OS TEMPOS QUE CORREM. Miguel Vale de Almeida


3.11.06  

A universidade acabou

Contra "automatismos de esquerda", ainda alimentei algumas ilusões sobre o processo de Bolonha e sobre a capacidade de inovação do governo na área universitária. Lamento dizer que as ilusões se foram. Quem anda metido nisto há vinte anos e se meteu a fundo, agora, na reestruturação, não pode deixar de ver que o processo actual conduz a 3 coisas: massificação, mercantilização e proletarização.

Massificar não significa necessariamente democratizar. Portugal precisa, de facto, de um acesso democrático ao ensino superior e precisa - ao contrário do que muitos dizem - de muito mais gente com formação superior. O que está a ser feito não é isso, mas sim tornar o ensino superior, incluíndo o nível pós-graduado, numa fábrica de encher chouriços. Obter mais diplomados não tem que significar obter diplomados da treta.

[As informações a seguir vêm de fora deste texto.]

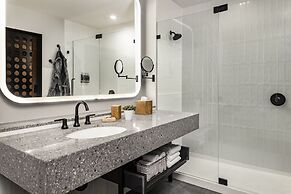 The Rally Hotel at McGregor Square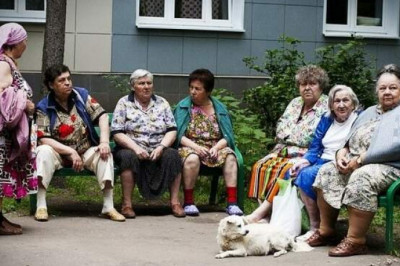 Совать нос в чужие дела и собирать всякий хлам: 10 стереотипных привычек старшего поколения, от которых надо срочно избавляться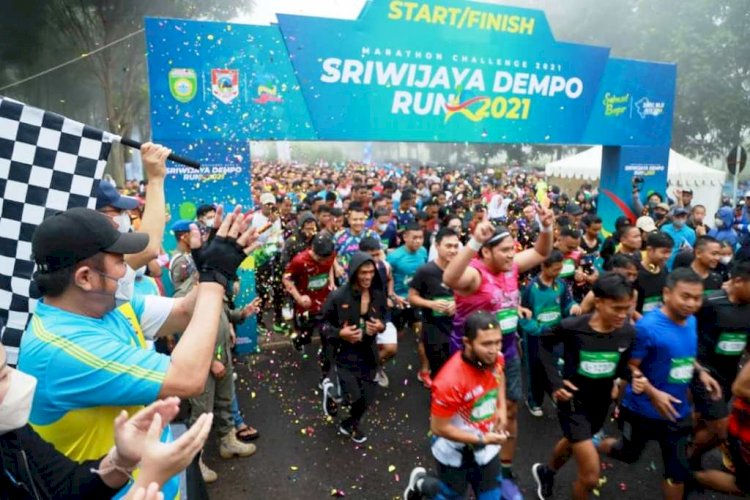 Gubernur Sumsel Herman Deru didampingi Wali Kota Pagar Alam Alpian Maskoni saat melepas peserta Sriwijaya Dempo Run 2021, Minggu (26/12). (Humas Provinsi Sumsel/rmolsumsel.id)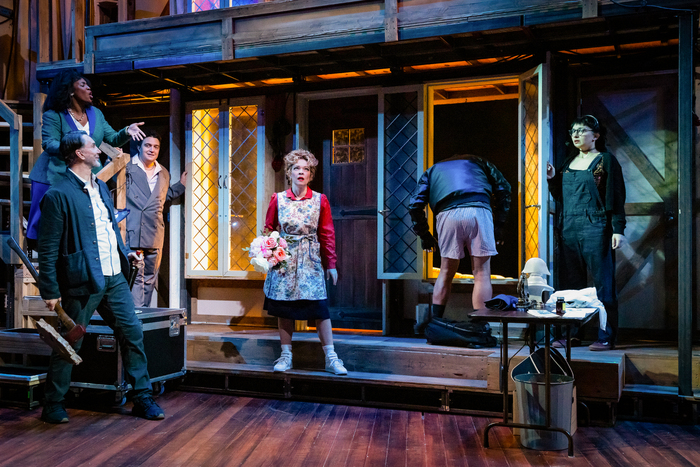 Photos: NOISES OFF at the Alley Theatre Image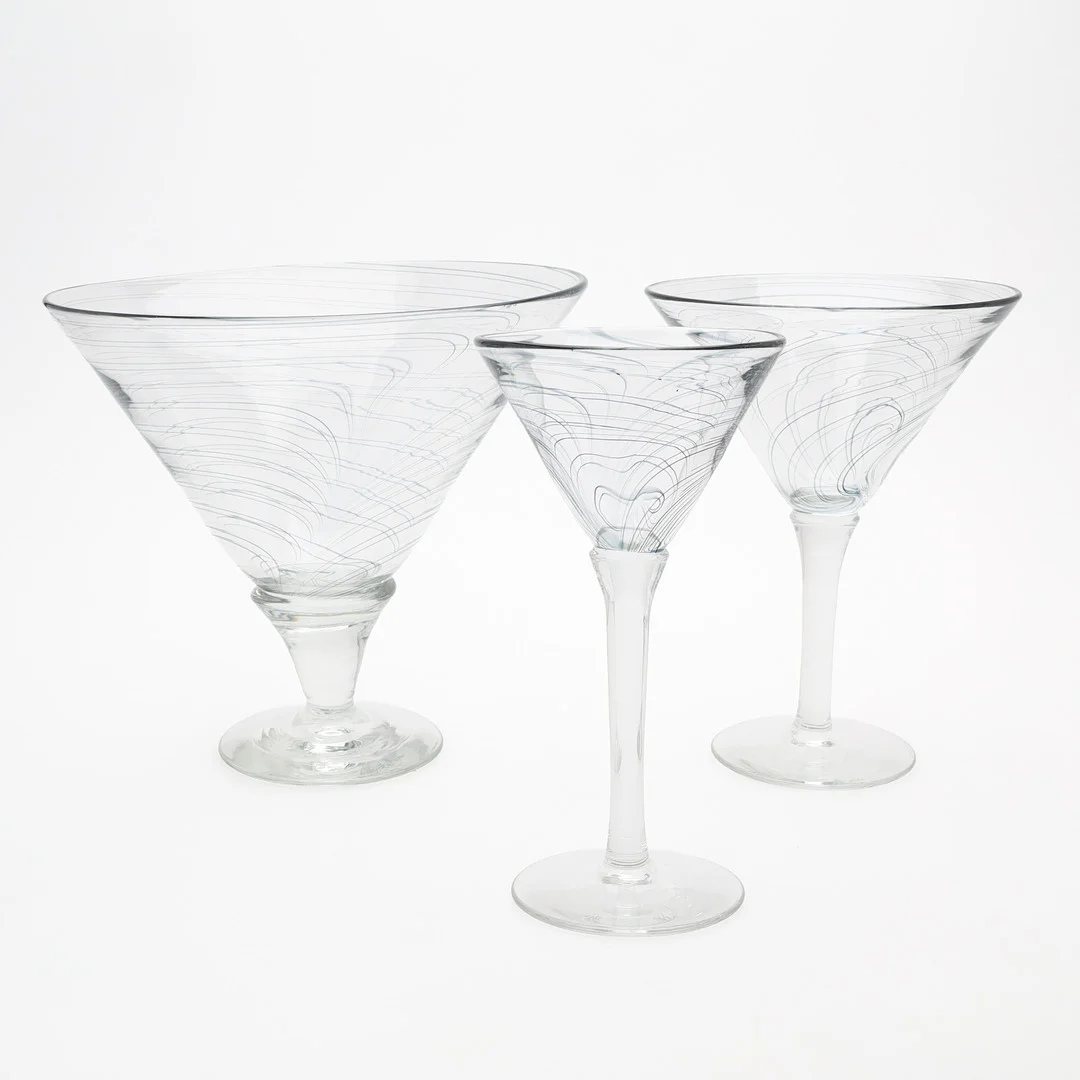 BERIT JOHANSSON. Skålar på fot, 3 st, signerade. — Art glass — Auktionsmagasinet Vänersborg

Mercantilizar não significa necessariamente (e é uma pena) introduzir mecanismos de concorrência que possam trazer mais qualidade. No nosso caso significa simplesmente vender "produtos" aos "clientes" que de qualquer modo os "consomem" - os tais diplomas -, numa lógica semelhante à do consumo de massas.

Por fim, proletarizar significa, neste caso, fazer toda a mudança do sistema (repito: massificadora e mercantilizadora) sem qualquer revisão do estatuto da carreira docente universitária. Isto resulta em sobre-exploração do trabalho dos docentes, na continuação da estagnação do corpo docente, e no surgimento de condições de trabalho que impedem a investigação e o pensamento crítico.

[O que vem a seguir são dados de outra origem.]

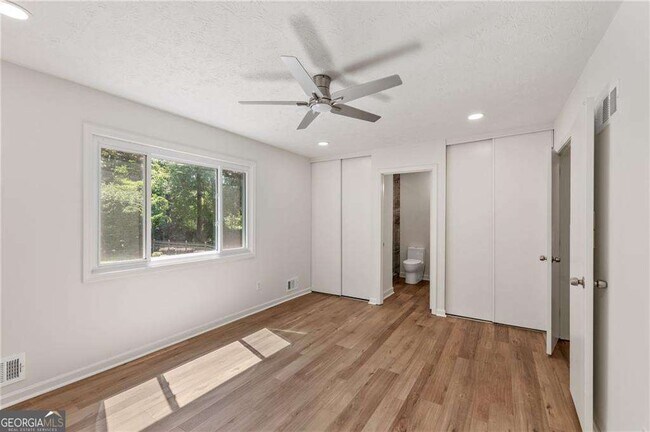 Building Photo - 472 Barnsdale Dr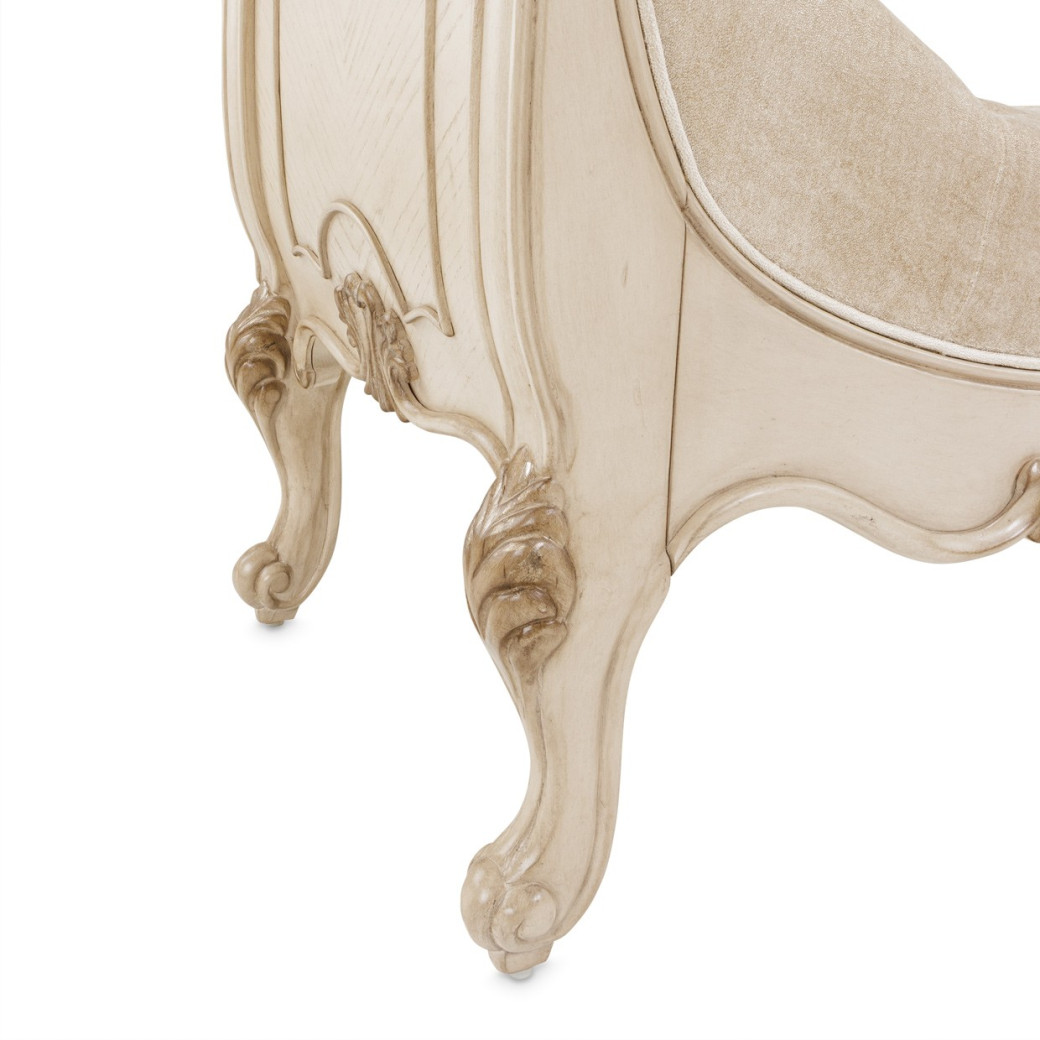 Bed Bench Platine De Royale Collection By Michael Amini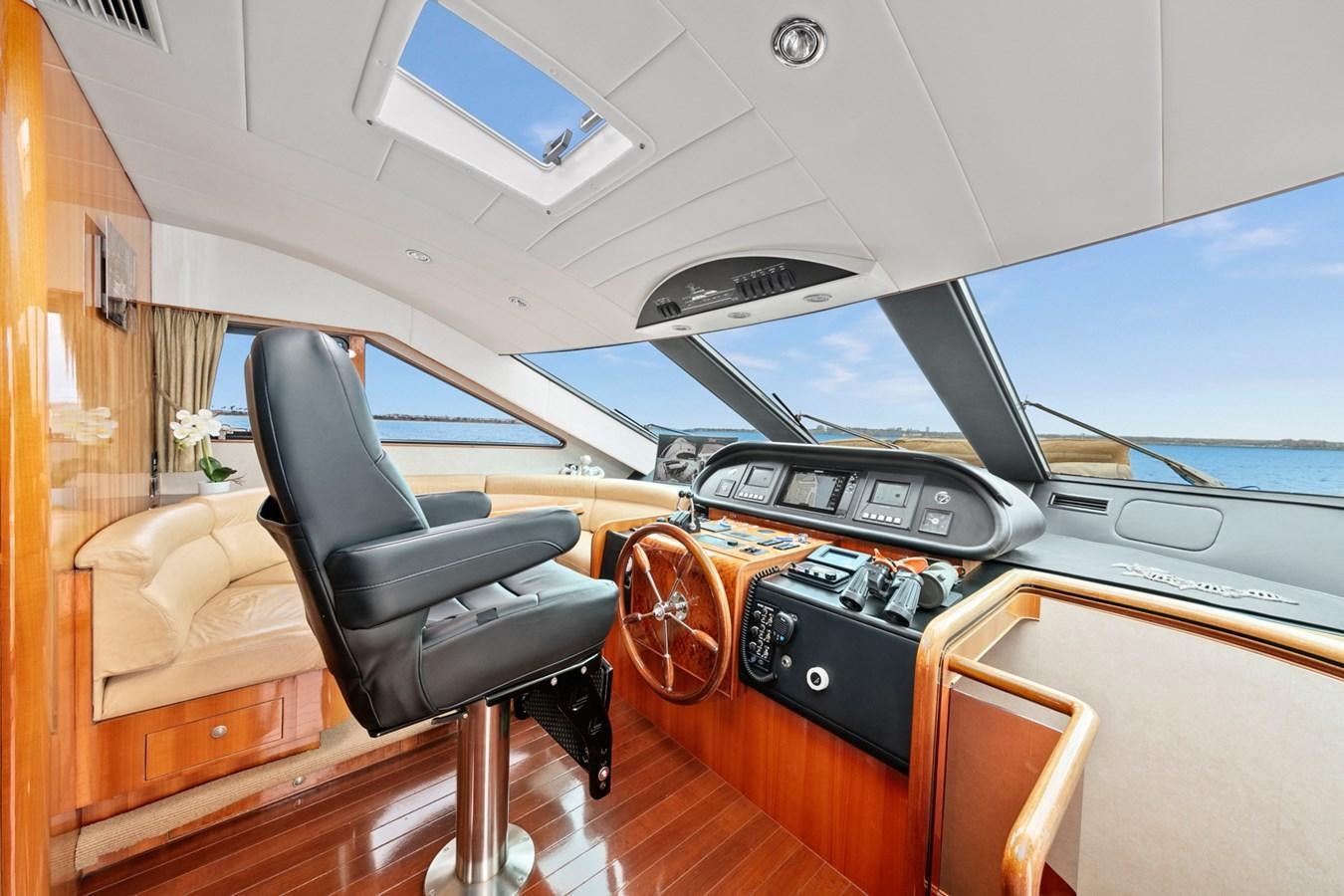 inside of a plane aboard VAMOS A VER Yacht for Sale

A restruturação actual do ensino universitário é um monumental bluff e uma hábil operação de propaganda. Basta ver como todas as virtudes de Bolonha foram deitadas para o caixote do lixo, quer pela resitência das culturas burocráticas dos serviços administrativos, num extremo da escala, quer pela pressão mercadorizadora exercida pelos órgãos dirigentes e pelo orçamento de estado, no outro extremo.

É verdade que nunca tivemos universidade a sério em Portugal. E a pouca que tivemos - a minha faculdade era disso exemplo - só se aguentava com qualidade enquanto fosse pequena e vocacionada para a excelência. Elitista? Sem dúvida. Mas a alternativa a esse elitismo não tem que ser a transformação da universidade num imenso politécnico, na menos má das hipóteses, ou num prestador de serviços a empresas, na pior.

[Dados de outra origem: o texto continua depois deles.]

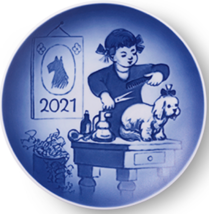 BING &amp; GRONDAHL 2021 Children&#39;s Day Plate The Little Dog Groomer  - New in Box - £31.56 GBP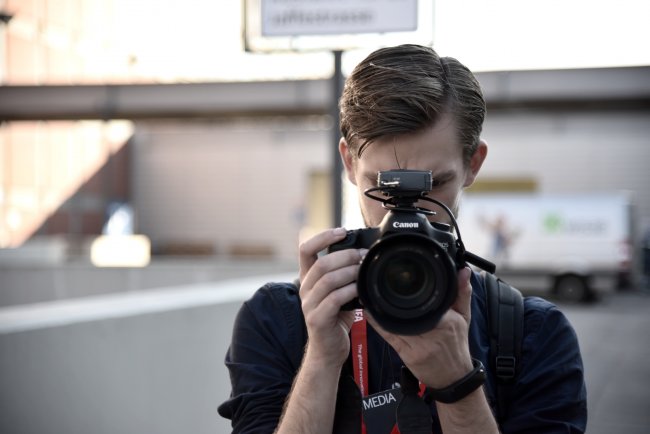 Beispielbild Nikon D810 + AF-S Nikkor 24-120 mm f/4G ED VR | 86 mm, f/4, 1/1600 s, ISO-1000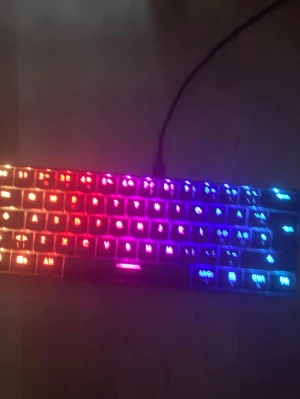 Deltaco Gaming RGB Mekaniskt Tangentbord - Kompakt mekaniskt tangentbord från Deltaco Gaming med RGB-belysning . Tangenterna lyser i flera färger och tangentbordet är i gott skick. Perfekt för gaming och skrivbord med begränsat utrymme.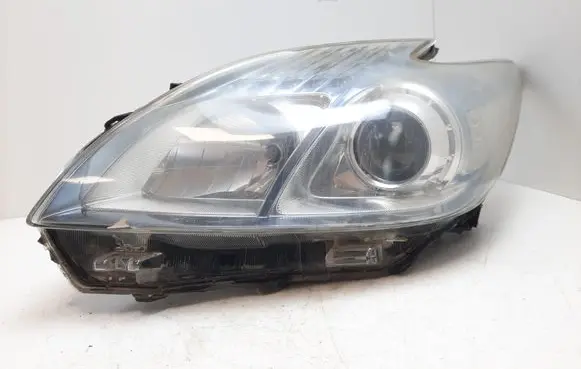 Toyota Prius (XW30) Headlight/headlamp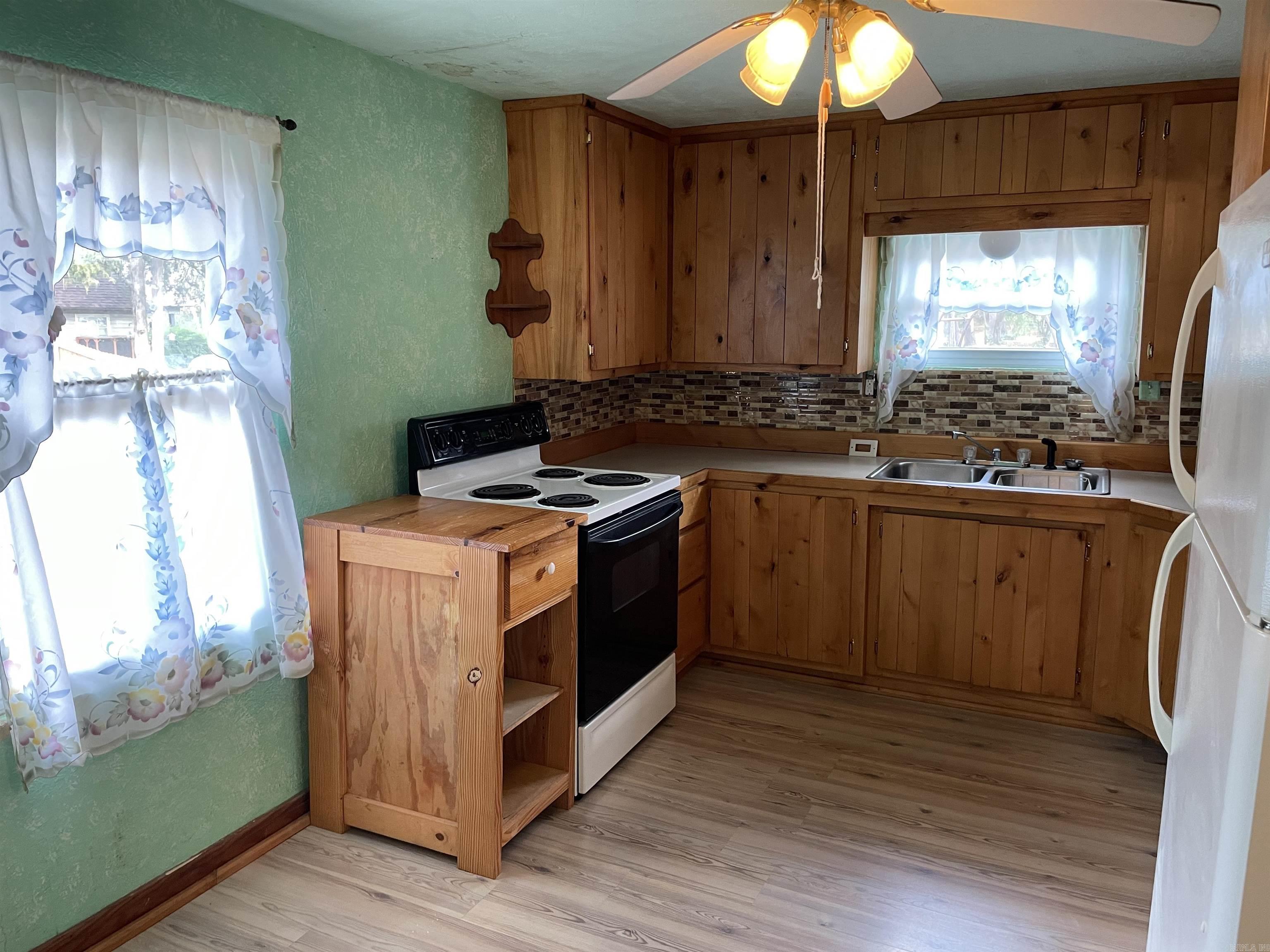 RAILROAD ADDITION - Residential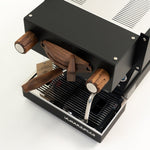 La Marzocco Linea Mini R Schwarz mit Walnussholz Seitenansicht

Já vimos a que conduziram processos anteriores de mercadorização e proletarização: o desastre monumental (salvo raríssimas excepções) do ensino superior privado. O ensino público segue agora o mesmo caminho, acrescentando a "massificação-com-propinas" do corpo discente, perdão, dos "clientes".

Que tudo isto esteja a ser feito com a retórica de Bolonha - que apontaria para um ensino moderno - é no mínimo de um atroz cinismo. Vão a certas faculdades e vejam como os aspectos pedagógicos e científicos de Bolonha foram abortados e se apostou nos seus aspectos mercantilizadores e anti-trabalhistas. Tornou-se no cavalo de Tróia para uma outra coisa bem diferente e cujos contornos assustadores ainda nem nos bateram à porta a sério. (E como eu detesto ter que escrever coisas que soam a pessimismo imobilista à moda da esquerda antiga!)

A universidade acabou. Chamem-lhe, por favor, outra coisa.